How to become a Bobo
I moved into a studio in Marylebone "village". I went to the Farmer's Market on Sunday, and all you could hear was a hushed hum, you could almost see the blue blood running behind serious, charismatic faces picking vegetables and fruits. My mom says the people in this area "don't have battered faces." Their every action, every expression seems measured yet smooth - just right, how it should be. I felt nervous and clumsy. All new reference points - the bar is higher now. My parents hope I'll come out of this more sophisticated.
I passed by the Ginger Pig and La Fromagarie, all anxious as I am when I go to Bebek or Nişantaşı -a little out of place. I will stop by later when I'm not by myself.
Knowing myself for this long, I don't think I have a sophisticated bone in me. I will sound fatalistic, but some people are just born with it. Their faces, hair, clothes, they are intelligent, smooth, serious. They are not flashy or overly confident or annoying. They are respectable. They carry everything they own and are with subdued entitlement, and live up to the life they are born into. I, on the other hand, am clumsy, anxious, worried and late. My face shines and I sweat. I'm not smooth, because I think too much and I worry.
After a trip to Waitrose, I decided to venture into the East End. When I lived there I hardly valued or appreciated it enough, but I missed it and fell in love with it when I moved away. First the stalls of Spitalfields, then onto Commercial Street, the Smudge Gallery with commercial graffiti, vintage shops, and finally Brick Lane. I walked into the Up Market in the old Truman Brewery, people sitting on the threshold with greasy Asian food. First food stalls, then I bought a necklace made from "recycled materials", then a silver ring, then I ran into this artist's stall. I liked his delicate work. I got his card, and moved on to get a reading lamp (more on that in the next post.)
I walked around some more with my reading lamp, stopped by and listened to a dirty but cheerful street band right around Vibe, ran into Gokhan from Athena (a Turkish ska band who performed at Bazaar Day once, back in the day), walked on this side street with expensive little Bobo shops, walked into a small art gallery and got a crispy bacon beigel (I think this was the high (low?) point of the day, depending how you look at it). I walked to the end of Brick Lane up to Bethnal Green. Then walked back to Liverpool Street from Shoreditch High Street. For my next move, I want a wooden-floored loft around there. It will be expensive despite the sketchy (not really), dirty (really), but spirited area. Just like a Bobo likes it.
I felt carefree and happy and myself. Excited about what could be lying ahead. Like I do when I walk from Galatasaray to Tunel and then to Galata.

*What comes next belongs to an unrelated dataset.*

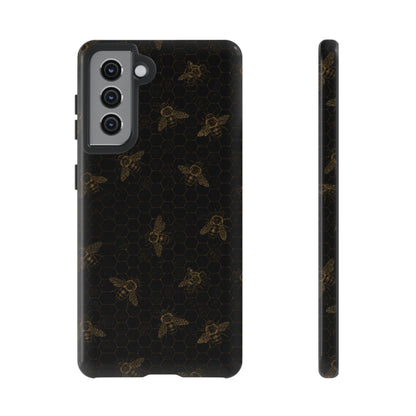 Dark Honeycomb Tough Case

On Monday, I considered getting Banksy's "feisty maid" for my vast empty wall, something I thought would remind me of the things I sweep under the rug. But on Tuesday, I decided to go find the artist in the Up Market. I e-mailed him and he responded promptly: He lived and worked in Stoke Newington. The Turkish area I've never been to.
I took Bus 73 from King's Cross, and passed through Islington. Islington seemed uglier and more run down then I thought, Stokey more cheerful and pretty - especially around Church Street. (High Street is more "rough" around the edges, as Pierre's London for Londoners book observes.) I found his flat/studio on a residential street, his flatmate (looked like he jumped out of Notting Hill with his white undershirt) got the door. The building was like a communal tower with rooms lined along a staircase. One room - storage for all his work, prints on canvases stretched over rectangular wooden blocks, the other an airy bedroom with the blue paintings he's working on. One piece of the three-piece print I got is cracked, apparently he dropped it off the window. Like the stats book that fell off the Healy Building once. He will replace it when I visit him in the Up Market not this Sunday - but next Sunday.
I got my prints, took the bus passing through Kingsland and Dalston and Shoreditch High and Liverpool Street. I saw what's beyond Shoreditch High for the first time.
I find it ironic how my tidy and clean flat has these prints from this artist's studio in Stoke Newington, how it has this reading lamp from the Up Market.
Does this little deliberate civilized adventure qualify me as a Bobo?